Эта Галочка, правда, слабо вязалась с расчетами на новое назначение, но обращался он все же к ней. Что-то ему говорило, что в эту армию он еще вернется. «Со щитом, — прибавлял он, — непременно со щитом!»
Князь Андрей, из своего века, подсказывал тоже недурной вариант: «Это будет мой Тулон!»
Глава вторая
Три командарма и ординарец Шестериков
1Что же мог думать о Ставке третий — ординарец, сидевший за спиной генерала? Какой он ее себе представлял — скуластый крепышок с лычками младшего сержанта, с замкнутым лицом, жестко обтянутым задубевшей кожей, со складкой на лбу, отражавшей сосредоточенность на невеселой мысли? А ничего он про эту Ставку не думал, не занимало его, где она там расположилась — в кремлевской ли башне, в глубоком ли бункере, и какие там стены и потолки; да хоть золотые, хоть и хрустальные; ему, Шестерикову, она хорошего не обещала, она была лишь тем местом, где генерала будут изводить дурацкими расспросами, издеваться над ним и насмехаться — ни за что ни про что. Заведомо все неприятности, готовые пасть на эту седеющую и лысеющую голову, казались Шестерикову несправедливыми, и он единственный мог бы заплакать от жалости к генералу, он и взаправду, хоть и без видимых слез, оплакивал его судьбу, а заодно и свою собственную.

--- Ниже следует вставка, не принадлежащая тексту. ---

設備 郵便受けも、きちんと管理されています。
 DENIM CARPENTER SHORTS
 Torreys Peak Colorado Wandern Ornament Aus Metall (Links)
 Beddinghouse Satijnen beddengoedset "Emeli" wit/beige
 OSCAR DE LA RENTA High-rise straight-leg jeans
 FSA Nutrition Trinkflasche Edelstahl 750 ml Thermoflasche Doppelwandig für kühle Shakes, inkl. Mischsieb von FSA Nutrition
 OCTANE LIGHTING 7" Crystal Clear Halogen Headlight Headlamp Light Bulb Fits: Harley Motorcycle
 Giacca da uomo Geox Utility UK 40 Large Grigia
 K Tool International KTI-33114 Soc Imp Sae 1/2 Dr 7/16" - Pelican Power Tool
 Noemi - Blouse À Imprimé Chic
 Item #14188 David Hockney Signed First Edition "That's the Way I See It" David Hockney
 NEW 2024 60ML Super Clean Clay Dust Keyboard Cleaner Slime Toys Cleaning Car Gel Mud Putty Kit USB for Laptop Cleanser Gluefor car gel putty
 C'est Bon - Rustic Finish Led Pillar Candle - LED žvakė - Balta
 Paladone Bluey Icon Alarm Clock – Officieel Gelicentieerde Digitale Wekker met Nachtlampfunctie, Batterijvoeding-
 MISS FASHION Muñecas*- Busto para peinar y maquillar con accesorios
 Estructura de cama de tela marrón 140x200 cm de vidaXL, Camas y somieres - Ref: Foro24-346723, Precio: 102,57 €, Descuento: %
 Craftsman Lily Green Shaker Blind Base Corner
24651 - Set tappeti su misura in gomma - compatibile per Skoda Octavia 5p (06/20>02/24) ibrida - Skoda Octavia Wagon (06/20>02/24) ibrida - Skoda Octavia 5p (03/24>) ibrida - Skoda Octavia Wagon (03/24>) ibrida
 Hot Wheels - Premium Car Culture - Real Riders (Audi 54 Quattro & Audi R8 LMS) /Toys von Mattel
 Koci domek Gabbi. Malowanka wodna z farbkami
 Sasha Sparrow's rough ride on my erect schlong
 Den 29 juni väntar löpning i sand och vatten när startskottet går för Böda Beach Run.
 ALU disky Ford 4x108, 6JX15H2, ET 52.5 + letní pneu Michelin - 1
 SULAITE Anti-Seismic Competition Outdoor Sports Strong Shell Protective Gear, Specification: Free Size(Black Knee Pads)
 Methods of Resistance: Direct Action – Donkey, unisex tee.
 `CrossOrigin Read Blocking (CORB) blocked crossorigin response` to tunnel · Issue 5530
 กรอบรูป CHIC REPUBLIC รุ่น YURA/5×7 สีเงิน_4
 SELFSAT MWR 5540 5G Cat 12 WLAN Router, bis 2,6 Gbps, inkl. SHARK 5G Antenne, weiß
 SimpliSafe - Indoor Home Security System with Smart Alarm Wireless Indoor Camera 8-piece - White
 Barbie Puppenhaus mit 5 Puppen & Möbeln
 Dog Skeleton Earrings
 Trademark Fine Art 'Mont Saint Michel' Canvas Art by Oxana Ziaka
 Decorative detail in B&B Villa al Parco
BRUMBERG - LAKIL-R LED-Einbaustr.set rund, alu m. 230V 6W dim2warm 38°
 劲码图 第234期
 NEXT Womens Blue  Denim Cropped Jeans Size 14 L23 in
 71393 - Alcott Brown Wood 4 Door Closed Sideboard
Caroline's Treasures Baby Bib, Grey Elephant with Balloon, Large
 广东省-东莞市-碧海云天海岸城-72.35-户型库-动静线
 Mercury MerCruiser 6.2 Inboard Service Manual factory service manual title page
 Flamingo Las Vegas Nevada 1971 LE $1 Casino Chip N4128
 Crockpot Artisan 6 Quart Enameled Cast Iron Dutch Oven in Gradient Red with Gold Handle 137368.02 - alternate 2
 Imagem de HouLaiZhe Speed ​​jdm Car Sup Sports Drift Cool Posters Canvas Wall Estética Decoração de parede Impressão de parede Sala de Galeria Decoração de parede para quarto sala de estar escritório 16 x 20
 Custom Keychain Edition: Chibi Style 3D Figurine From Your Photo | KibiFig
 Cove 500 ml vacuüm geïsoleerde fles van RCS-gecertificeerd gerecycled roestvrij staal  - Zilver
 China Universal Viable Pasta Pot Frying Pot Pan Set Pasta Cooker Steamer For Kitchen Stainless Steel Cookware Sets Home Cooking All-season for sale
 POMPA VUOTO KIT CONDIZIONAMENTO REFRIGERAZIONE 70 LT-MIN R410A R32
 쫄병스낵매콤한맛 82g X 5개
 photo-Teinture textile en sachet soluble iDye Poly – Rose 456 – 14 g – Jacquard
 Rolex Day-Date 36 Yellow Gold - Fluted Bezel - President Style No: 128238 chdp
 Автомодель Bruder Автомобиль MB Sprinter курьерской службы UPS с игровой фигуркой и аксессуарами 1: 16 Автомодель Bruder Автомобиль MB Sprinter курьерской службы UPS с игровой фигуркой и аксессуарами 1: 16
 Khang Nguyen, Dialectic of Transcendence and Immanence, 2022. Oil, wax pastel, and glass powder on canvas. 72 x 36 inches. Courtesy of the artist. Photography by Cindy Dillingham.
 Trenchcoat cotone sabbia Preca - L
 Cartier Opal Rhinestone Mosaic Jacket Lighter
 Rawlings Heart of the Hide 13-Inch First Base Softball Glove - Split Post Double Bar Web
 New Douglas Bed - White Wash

Скорчась в тесном углу «виллиса», он держал на коленях вещмешок и противогазную сумку, набитые разными твердыми вещами, на ухабах его швыряло и колотило, но все было ничто в сравнении с тем сознанием, что лучшее в его жизни — кончилось; то, что делало ее осмысленной и стоящей страданий, теперь уж невозвратимо.
И, как перебираем мы в памяти первую любовь, давно отлетевшую от нас, день за днем, все ближе к сладостному ее началу, — так угрюмый Шестериков приближался к тому морозному дню под Москвой, когда их пути с генералом пересеклись. Удивительное то было пересечение! Кто бы это мог так распорядиться, расставить вехи, чтобы ни он, Шестериков, ни генерал не опоздали ко встрече, и еще столько потом сплести событий, чтоб не показалась им эта встреча случайной? Как-то в душевную минуту, за водочкой, он даже высказал генералу свое удивление по этому поводу, и вот что ответил генерал: «А знаешь, Шестериков, оно иначе и быть не могло. Три генерала, три командарма в твоей судьбе поучаствовали». Ну, двоих-то из них Шестериков так и не увидел, а лишь своего командующего, Кобрисова, когда тот вышел в зверский мороз на крылечко избы, а Шестериков как раз и проходил мимо того крылечка, с котелком щей и с кашей в крышечке — для старшины своей роты.